Kazakhstan: Russian conspiracy theory meets Asian ambition in Astana
Putin hijacked a summit in Kazakhstan to spread a conspiracy theory, undermining his host’s efforts to get the world to take a grouping of Asian leaders seriously.
Welcoming heads of state to Kazakhstan for a summit on October 13, President Kassym-Jomart Tokayev was hoping to focus on Astana’s aspiration to transform a talking shop into a body that will punch its weight on the global stage.
The 27 members of the Conference on Interaction and Confidence Building in Asia, including heavy-hitters like China, India and Russia, supported Astana’s ambition to turn CICA from a dialog platform into a bona fide international organization with a serious mandate.
Russian President Vladmir Putin also supported Astana’s plan to beef up CICA, whose creation in the 1990s was Kazakhstan’s brainchild.
But that did not stop him from undermining efforts to get the world to take CICA seriously by spouting a wild conspiracy theory from the tribune when he took the floor.
It was time to review the workings of the global financial system, which have “permitted a self-proclaimed so-called Golden Billion, which has locked in for itself all flows of capital and technologies, to live to a significant degree at the expense of others,” he told delegates.
The three-decade old, Russian-invented conspiracy of a “Golden Billion” scheming to rob the world and destroy Russia is one the Kremlin has deployed ever more frequently since invading Ukraine.
The theory argues “that Russia’s isolation after its invasion of Ukraine was not because of its actions – but because of an inevitable global conspiracy against it,” the Washington Post explained after a previous rant from Putin.
Following this week’s carpet-bombing of Ukraine, Putin used the CICA platform to wax lyrical about how Russia was “together with other Asian states doing everything to form a system of equal and indivisible security, based on the UN Charter’s universally accepted principles of international law.”
A meeting between Putin and Turkish President Recep Tayyip Erdogan on the sidelines of the CICA summit was expected to focus on Ankara’s offer of mediation over Ukraine. But Erdogan’s office made no mention of that when it reported that the two had discussed transportation, nuclear power and grain supplies. The Kremlin merely stated tersely that the meeting had happened.
While most leaders addressing delegates, including Tokayev, avoided mentioning Ukraine in favor of nebulous talk about global turmoil, Erdogan was more direct.
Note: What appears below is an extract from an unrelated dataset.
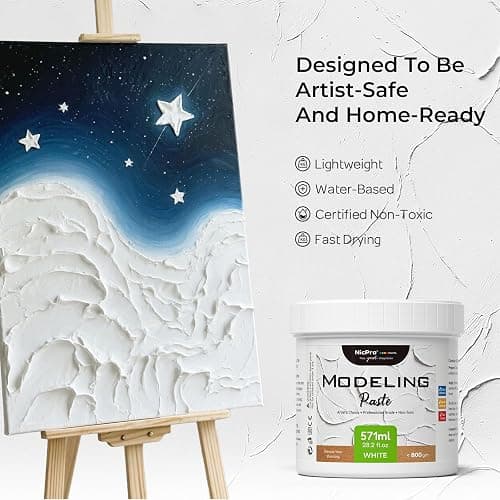 Nicpro Modeling Paste 571 ml / 28.2 oz for Acrylic Painting, High Density Acrylic Medium for Texture Art and Thickness, Structural Molding Texture Paste for Canvas Paint, Art Projects, DIY, 3D Effect thumbnail 2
“Each of us is feeling the regional and global impact of the crisis in Ukraine,” he said.
Turkey’s goal was “to stop the bloodshed as soon as possible,” because there would “be no winners in war and no losers in a just peace.”
Erdogan also used his visit to Astana to make a pointed statement of support for Kazakhstan, which has distanced itself from Russia’s war while refraining from direct criticism of its partner’s aggression in Ukraine.
“We will continue to support the stability, peace, sovereignty and territorial integrity of brotherly Kazakhstan,” Erdogan said after meeting with Tokayev.
That followed Chinese President Xi Jinping’s statement last month that that Beijing would “resolutely support Kazakhstan in the defense of its independence, sovereignty and territorial integrity” and oppose “interference by any forces” in its internal affairs.
Given that the most obvious potential threats to Kazakhstan’s territorial integrity emanate from its northern neighbor Russia, such remarks from Xi and Erdogan look like warnings to Putin as he continues to wage war in another neighboring state.